Friday, October 26, 2012

On Campus: Midterms and Beyond

USC-Marshall (above) announces a new "MBV" program
Across the country at top business schools, MBA students keep a watchful eye on all that's necessary to secure summer internships and full-time jobs.  It requires hard, steadfast work these days to secure work. But through it all, they keep an eye on yet another ball--midterms now, final exams later. It's a task of terror to attempt to pile on 6-8 weeks of intermediate corporate finance into a few days.

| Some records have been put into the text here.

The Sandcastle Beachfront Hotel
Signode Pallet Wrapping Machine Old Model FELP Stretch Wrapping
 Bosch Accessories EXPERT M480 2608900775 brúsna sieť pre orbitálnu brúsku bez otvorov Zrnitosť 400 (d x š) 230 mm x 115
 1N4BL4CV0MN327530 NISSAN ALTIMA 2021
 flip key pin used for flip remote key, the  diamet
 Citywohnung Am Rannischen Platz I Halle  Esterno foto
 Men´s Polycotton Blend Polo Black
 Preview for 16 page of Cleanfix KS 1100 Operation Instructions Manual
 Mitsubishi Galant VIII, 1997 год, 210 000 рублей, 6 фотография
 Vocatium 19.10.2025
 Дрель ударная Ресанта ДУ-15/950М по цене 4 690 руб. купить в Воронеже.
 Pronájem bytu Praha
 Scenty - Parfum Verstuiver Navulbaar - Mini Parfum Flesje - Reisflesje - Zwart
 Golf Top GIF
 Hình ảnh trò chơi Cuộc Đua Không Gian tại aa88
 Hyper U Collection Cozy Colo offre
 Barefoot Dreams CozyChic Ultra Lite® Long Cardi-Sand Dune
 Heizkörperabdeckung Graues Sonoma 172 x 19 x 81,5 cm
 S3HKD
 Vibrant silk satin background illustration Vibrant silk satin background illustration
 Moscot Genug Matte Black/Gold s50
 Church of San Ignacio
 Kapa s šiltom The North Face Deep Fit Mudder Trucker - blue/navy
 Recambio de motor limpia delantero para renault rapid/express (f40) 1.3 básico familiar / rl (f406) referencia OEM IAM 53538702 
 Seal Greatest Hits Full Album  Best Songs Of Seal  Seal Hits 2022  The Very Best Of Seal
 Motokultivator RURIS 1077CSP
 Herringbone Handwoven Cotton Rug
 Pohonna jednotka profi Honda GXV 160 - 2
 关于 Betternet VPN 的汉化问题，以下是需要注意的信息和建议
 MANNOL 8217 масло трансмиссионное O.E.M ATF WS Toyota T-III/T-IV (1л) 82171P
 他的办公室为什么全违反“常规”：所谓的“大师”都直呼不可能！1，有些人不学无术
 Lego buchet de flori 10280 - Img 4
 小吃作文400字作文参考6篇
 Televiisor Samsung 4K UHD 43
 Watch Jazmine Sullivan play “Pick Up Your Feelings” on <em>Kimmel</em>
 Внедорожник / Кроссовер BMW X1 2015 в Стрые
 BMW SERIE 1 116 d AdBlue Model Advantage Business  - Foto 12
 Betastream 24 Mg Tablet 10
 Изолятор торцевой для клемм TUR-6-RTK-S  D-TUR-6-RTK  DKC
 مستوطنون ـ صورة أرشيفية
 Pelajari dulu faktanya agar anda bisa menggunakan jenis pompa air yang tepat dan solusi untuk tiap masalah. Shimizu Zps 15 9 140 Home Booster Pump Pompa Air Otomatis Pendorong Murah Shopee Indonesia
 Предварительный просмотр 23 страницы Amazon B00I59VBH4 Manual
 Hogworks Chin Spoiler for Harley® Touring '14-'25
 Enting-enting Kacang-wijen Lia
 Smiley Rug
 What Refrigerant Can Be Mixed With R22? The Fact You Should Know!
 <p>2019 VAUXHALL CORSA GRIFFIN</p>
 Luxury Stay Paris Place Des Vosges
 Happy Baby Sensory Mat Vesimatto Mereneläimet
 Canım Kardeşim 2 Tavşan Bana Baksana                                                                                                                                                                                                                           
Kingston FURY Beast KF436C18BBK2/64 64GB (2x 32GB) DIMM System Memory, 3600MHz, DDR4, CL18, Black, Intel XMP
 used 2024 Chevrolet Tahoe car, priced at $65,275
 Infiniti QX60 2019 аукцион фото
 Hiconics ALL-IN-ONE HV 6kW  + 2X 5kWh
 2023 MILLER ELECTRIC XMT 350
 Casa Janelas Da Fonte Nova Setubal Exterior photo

On campus these days, including at the Consortium 17, students scramble to find jobs for 2013, ponder the presidential election in the days to come, rush off to case-group meetings, and bury themselves in cubicles to study for an exam in advanced accounting. The pulse is steady, even as many try not to worry too much about what will or won't happen by next summer.

Choices and Challenges

In between normal academic chores, Dartmouth (Tuck) MBA students found an interesting guest on campus two weeks ago, as part of the school's ethics program. Tuck hosts a "Choices and Challenges" series of speakers in the ethics program.  It invites guests (experts, experienced managers, or alumni) to study, analyze and ponder tricky issues of ethics in business--from managing clients, employees and business units to managing portfolios, investing in new businesses and doing deals.

Andrew Fastow, the former CFO of Enron, came to Hanover (N. H.) to discuss what the current generation of MBA students might learn from the frauds and misrepresentations of the 1990s high-flying energy company, Enron.  Fastow paid his dues by spending five years in prison. Now comes the time to share lessons learned and morals unearthed from years of Enron financial chicanery.

Fastow, who, too, has an MBA (from Northwestern), talked to students about deceitful off-balance-sheet transactions Enron employed. "I used loopholes in the rules," he said, "to get around the principles of of rules."  He spoke to students also about "degrees of fraud," how fraud is not always committed in obvious ways, but in the way of incremental decisions and steps. 

Rankings Hoopla

Business-school rankings, as just about every MBA student or dean knows, can be useful, but they can be dangerous, tricky and misleading. And among the dozen or so institutions and publications that present lists, which one (or ones) are most authoritative?  Sometimes they can be inconsistent and wrong. Yes, list-compilers make errors, perhaps more frequently than they admit.  The Economist magazine this month presented its list of the world's top business schools.  Some Consortium schools, including UC-Berkeley and NYU-Stern, appeared on the list.  The magazine, however, made an odd, somewhat embarrassing mistake with two other Consortium schools.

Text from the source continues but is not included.